While such anti-CFR rhetoric is not uncommon among more fringe elements of the right, particularly in Alex Jones country, this isn’t really the sort of thing one expects to hear from a polished candidate like Cruz. He is a partner at the white-shoe law firm of Morgan, Lewis & Bockius, a graduate of Princeton and Harvard Law School, and his wife (as is pointed out in the Politico article) was a term member of the Council on Foreign Relations until earlier this year. This incident caused Paul Burka, senior executive editor at Texas Monthly, to ask:
Why Cruz has aligned himself with the loonies in this race is beyond me. With all the serious problems the country is facing, why would he choose to focus on the Council of Foreign Relations? No one in politics has even thought about the CFR since the Cold War ended, except, apparently, people in Tyler and Sugarland and Mrs. Cruz.
I’m completely speculating here, but I suspect the reason why Cruz is taking this position is because he’s been facing criticism from elements of the Republican Party here in Texas because of his wife’s past membership in the CFR and by extension his linkage to it.
This criticism has largely been under the radar, but it is the sort of thing one sees mentioned about Cruz in online articles about him (often in the comments sections) and I’m guessing that is a fact that hasn’t gone unnoticed by Cruz’s campaign.
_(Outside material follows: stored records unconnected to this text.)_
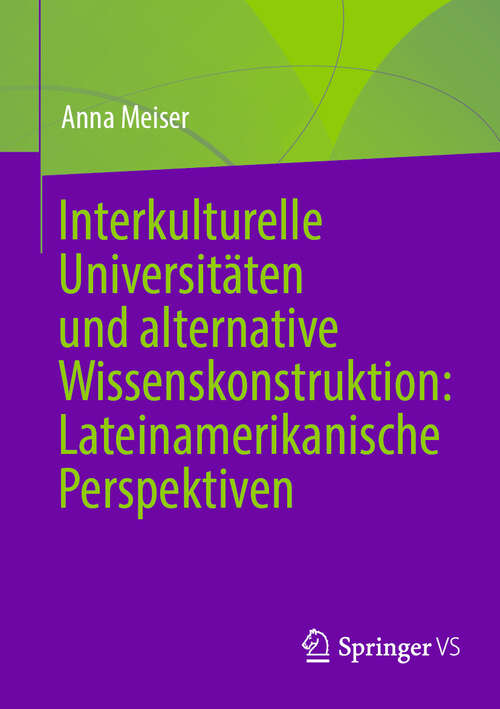 Book cover of Interkulturelle Universitäten und alternative Wissenskonstruktion: Lateinamerikanische Perspektiven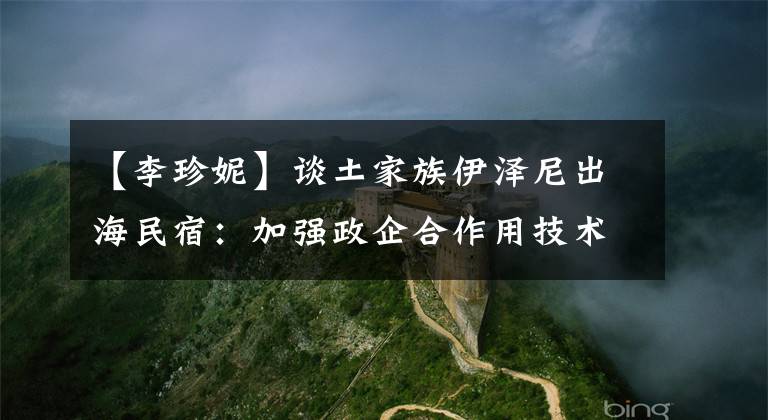 【李珍妮】谈土家族伊泽尼出海民宿:加强政企合作用技术保障落地服务。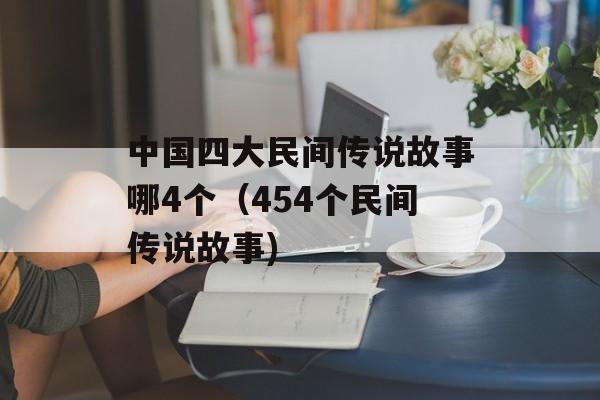 中国四大民间传说故事哪4个（454个民间传说故事)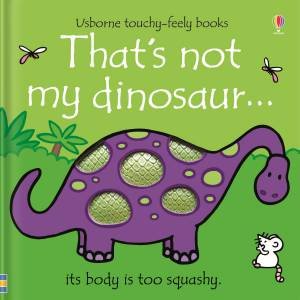 That's Not My Dinosaur by Fiona Watt & Rachel Wells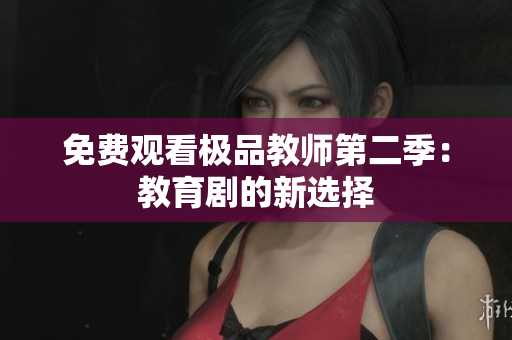 免费观看极品教师第二季：教育剧的新选择
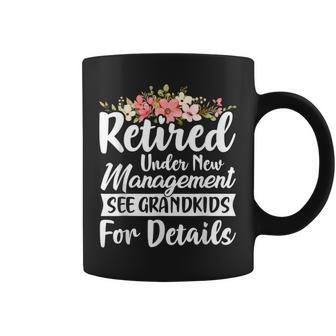Retired Under New Management See Grandkids Retirement Gifts Coffee Mug | Mazezy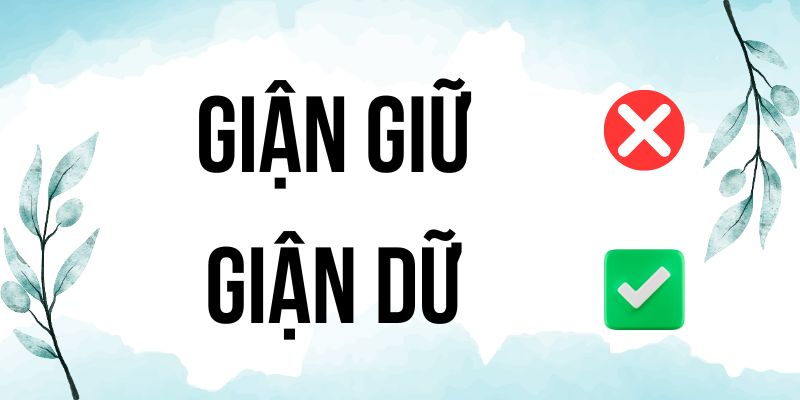 Giận dữ hay Giận giữ? Cách viết đúng theo từ điển tiếng Việt mới nhất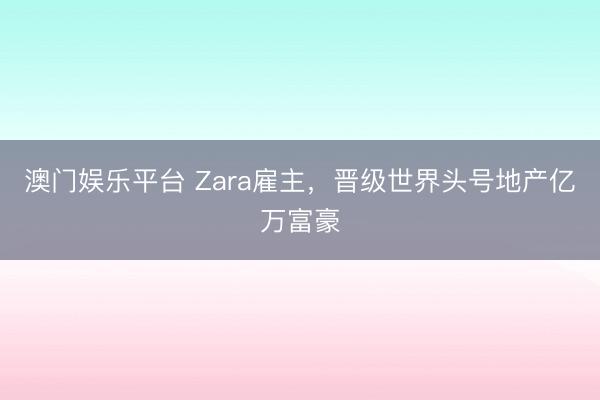 澳门娱乐平台 Zara雇主，晋级世界头号地产亿万富豪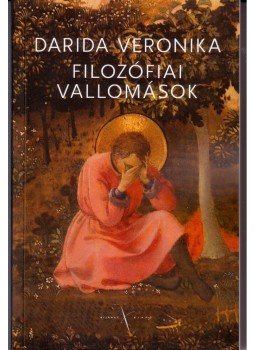 Darida Veronika - Filozófiai vallomások, null 2011 antikvár könyv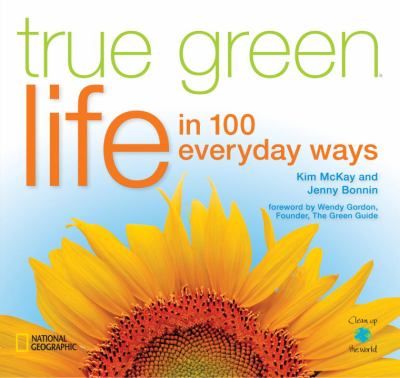 True green life in 100 everyday ways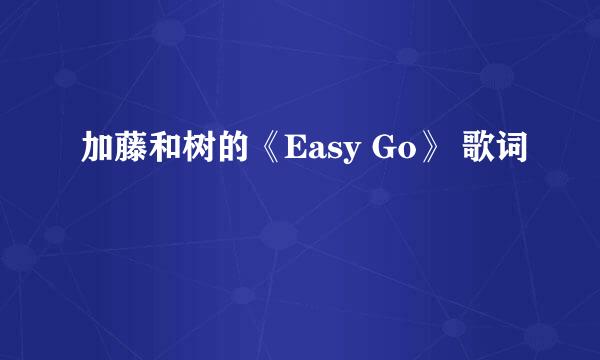 加藤和树的《Easy Go》 歌词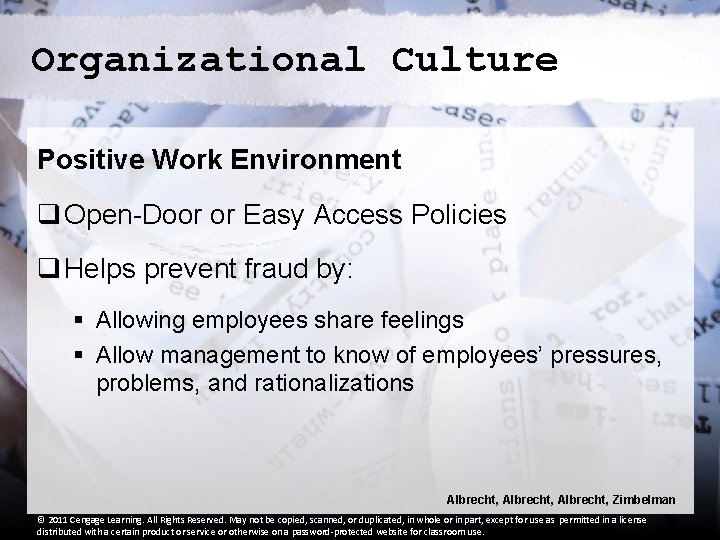 Organizational Culture Positive Work Environment q Open-Door or Easy Access Policies q Helps prevent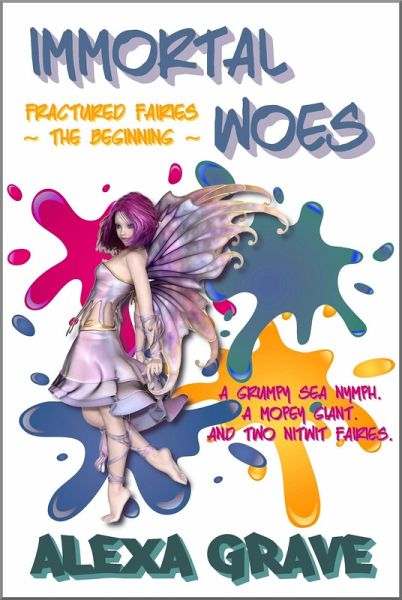 Immortal Woes (Fractured Fairies, The Beginning) (eBook, ePUB) Immortal Woes (Fractured Fairies, The Beginning) (eBook, ePUB)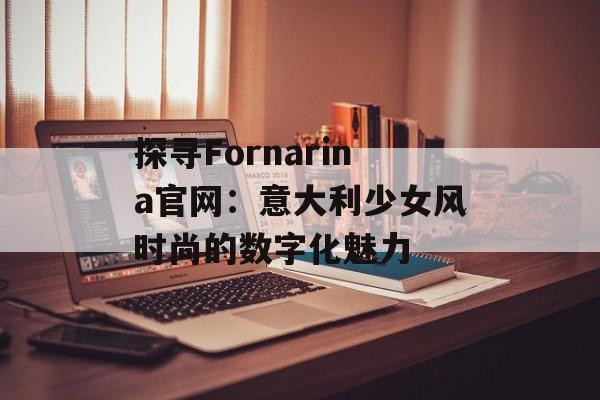 探寻Fornarina官网：意大利少女风时尚的数字化魅力-第1张图片-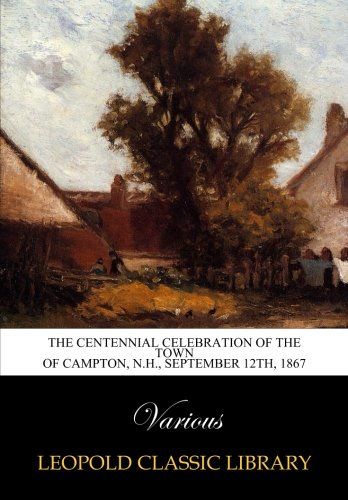 The centennial celebration of the town of Campton, N.H., September 12th, 1867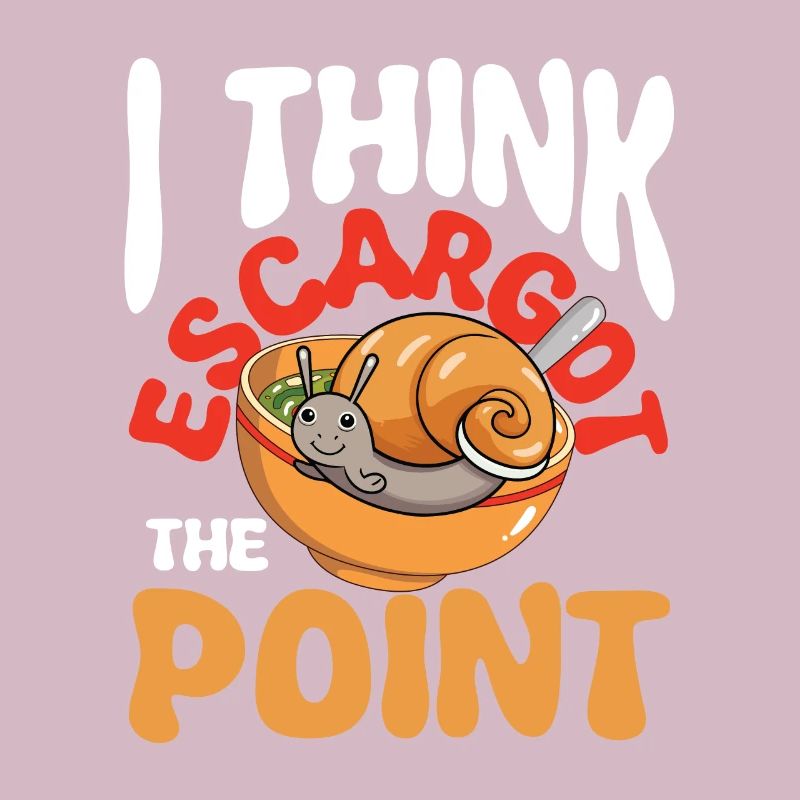 I Think Escargot The Point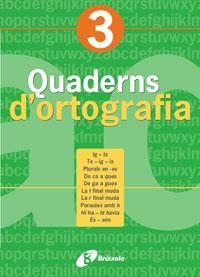 QUADERNS D'ORTOGRAFIA 3 | 9788483047675 | Llibreria Drac - Librería de Olot | Comprar libros en catalán y castellano online
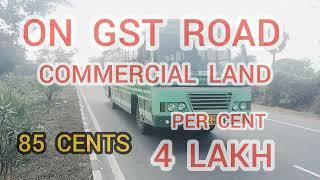 85 CENT COMMERCIAL ON GST ROAD LAND FOR SALE AT MELPETTAI VILLAGE, THINDIVANAM.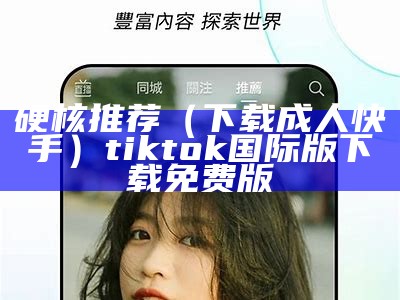 硬核推荐（下载成人快手）tiktok国际版下载免费版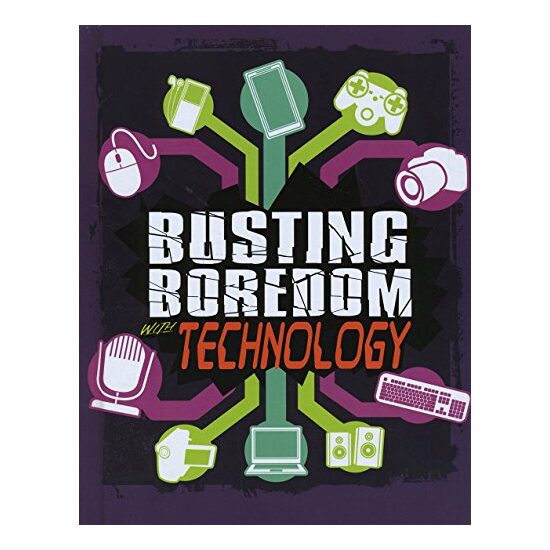 Busting Boredom with Technology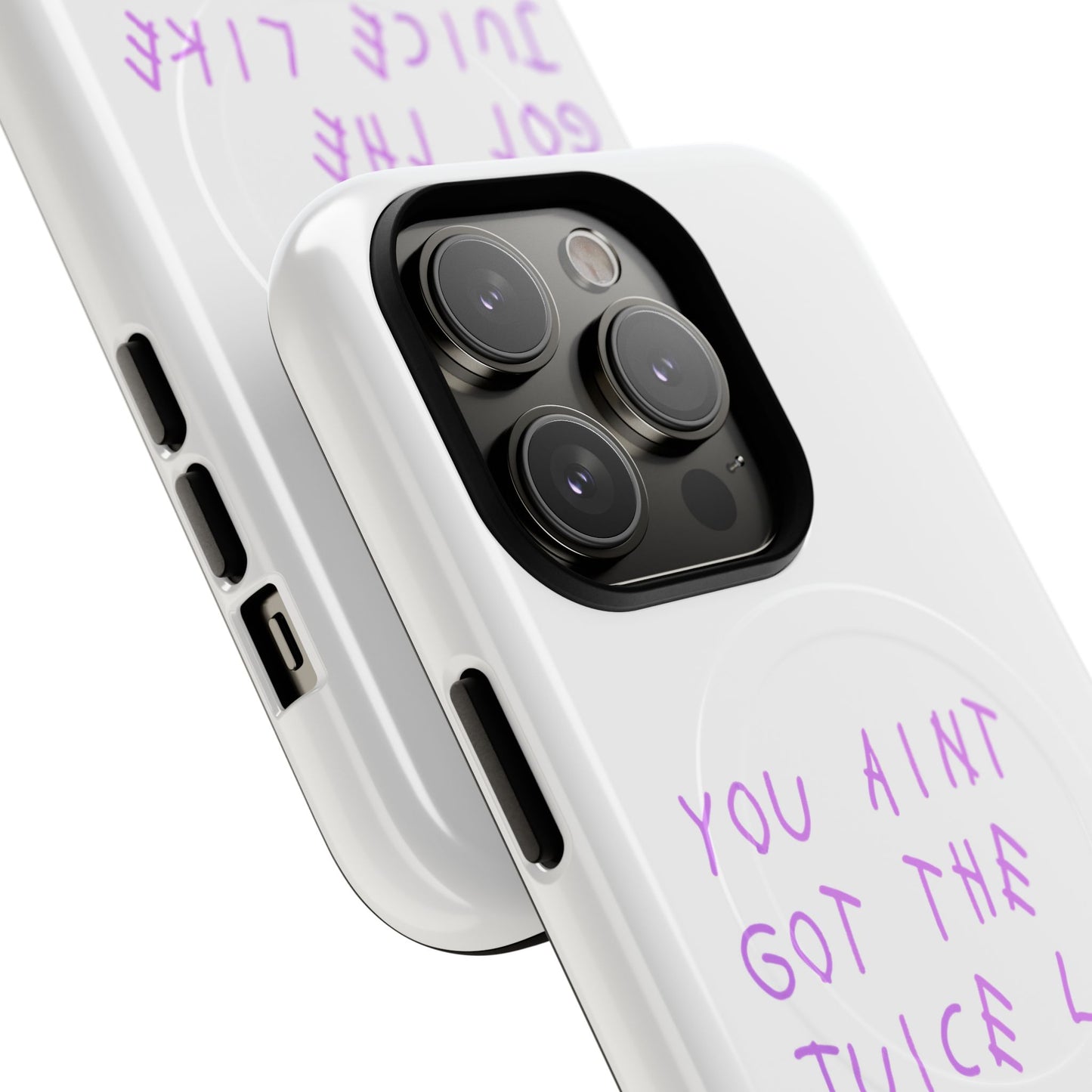 Juice Like That Quote Tough Magnetic Cases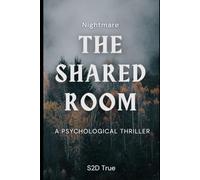 The Shared Room: A Psychological Thriller (Nightmare)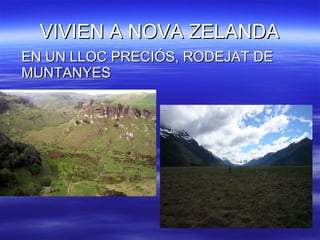 VIVIEN A NOVA ZELANDA EN UN LLOC PRECIÓS, RODEJAT DE MUNTANYES 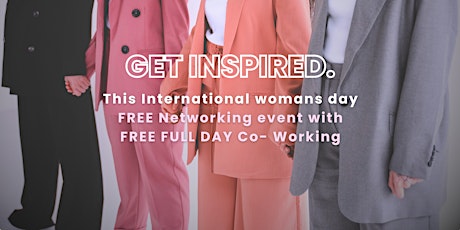 Imagem principal de International Womens Day FREE Networking Event & Co-Working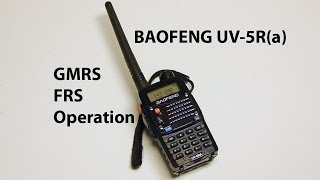 Baofeng UV5R and similar  Tuning for GMRS and FRS Operation for emergencies [upl. by Euqinamod]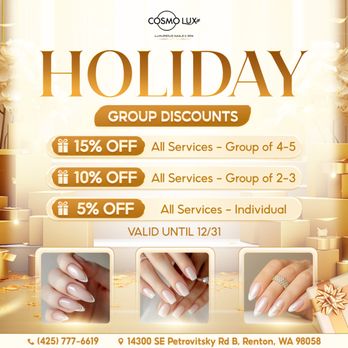 Cosmo Lux Nails and spa - HOLIDAY SPARKLE SPECIAL AT COSMO LUX NAILS & SPA!
Celebrate the festive season with our amazing group discounts, valid until Dec - Nail Salons Near Me - Renton, Washington Cosmo Lux Nails and spa - HOLIDAY SPARKLE SPECIAL AT COSMO LUX NAILS & SPA!
Celebrate the festive season with our amazing group discounts, valid until Dec - Nail Salons Near Me - Renton, Washington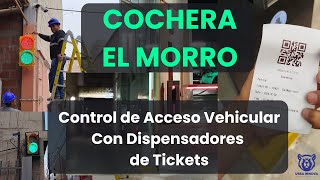 Control de Acceso Vehicular Con Dispensadores de Tickets | SUMINISTRO E INSTALACIÓN ( 2024 )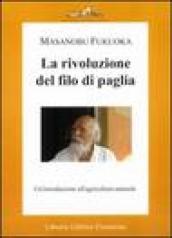 La rivoluzione del filo di paglia. Un introduzione all agricoltura naturale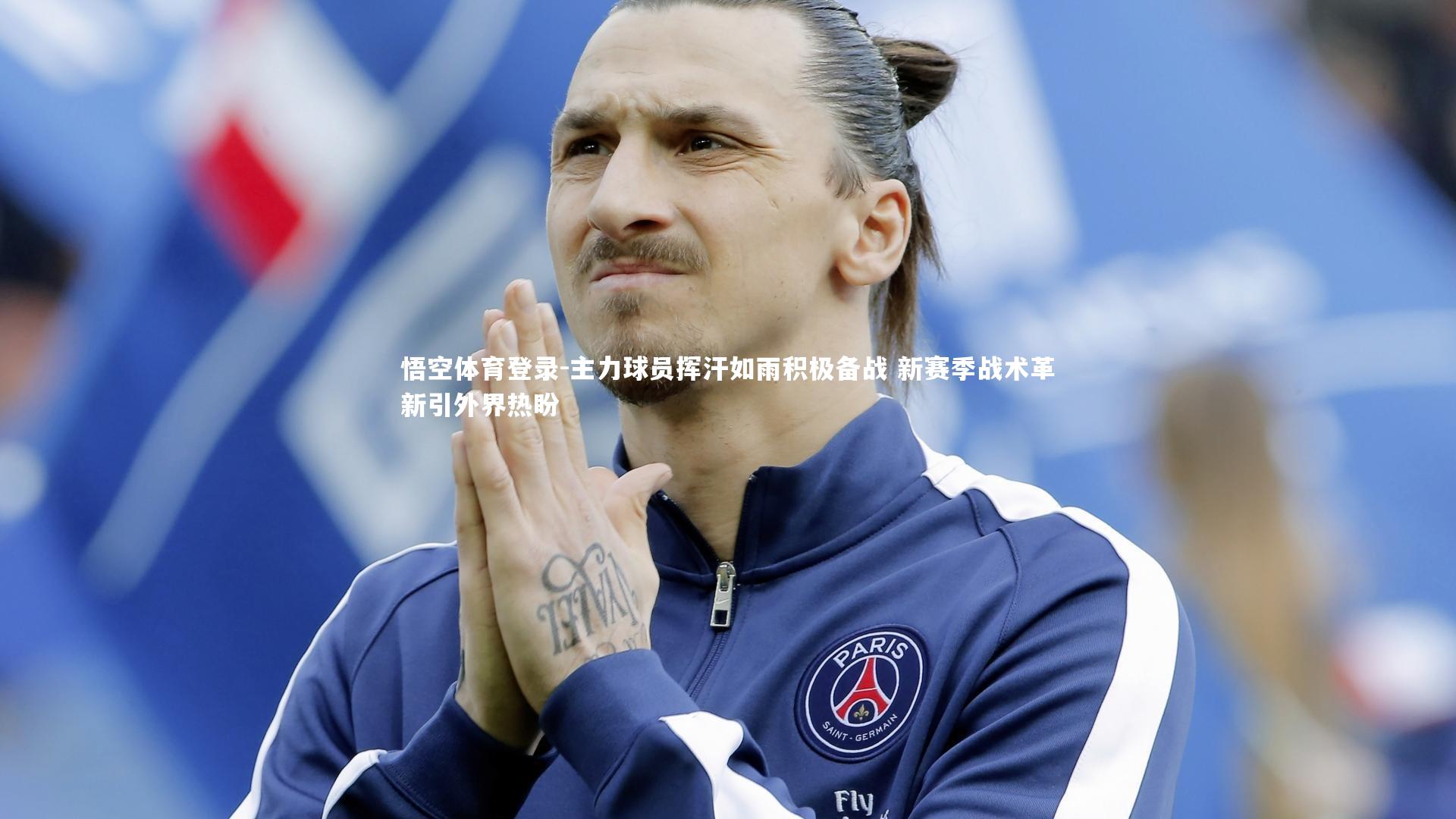 主力球员挥汗如雨积极备战 新赛季战术革新引外界热盼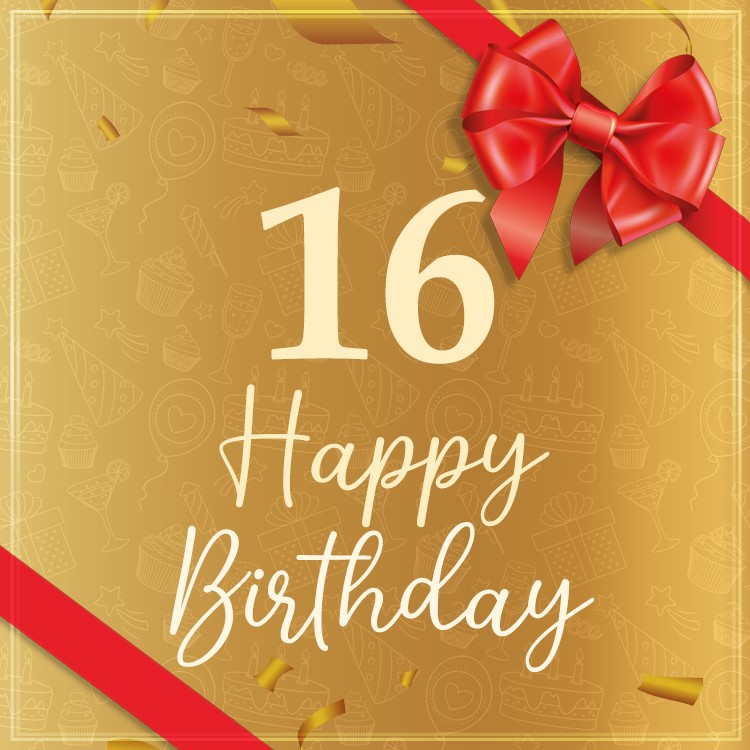 Happy 16th Birthday Image with red bow (square shape image)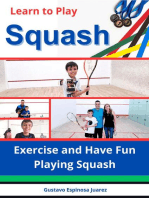 Learn to Play Squash Exercise and Have Fun Playing Squash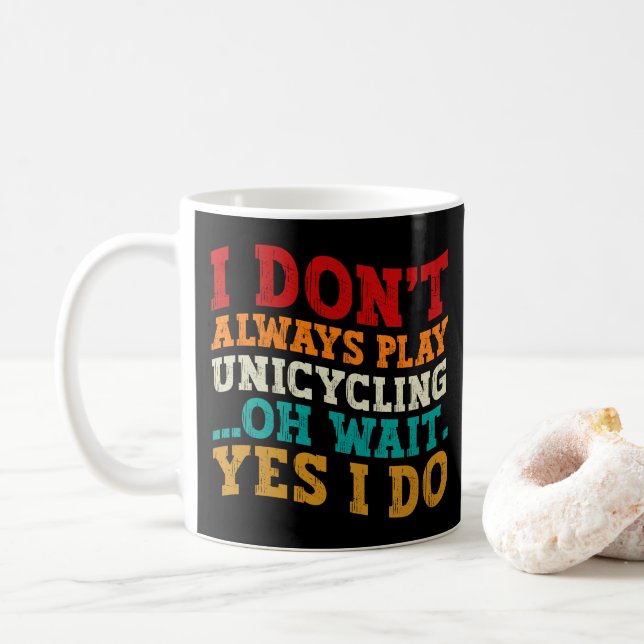 Jag cyklar inte alltid på enhjuling. Åh, vänta, jo Kaffemugg (Med munk)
I’m not suggesting Ted Cruz is being insincere in his criticism of the Council on Foreign Relations. It is not uncommon for people who see an organization from the inside or near-inside to become critics of that organization, based on what they saw and heard up close and personal. But it’s also likely that he is criticizing the CFR because he feels like he has to, in order to distance himself from an organization that isn’t necessarily popular among the Tea Party constituency that he is courting in his run for the US Senate. Necessity is the mother of more than just invention.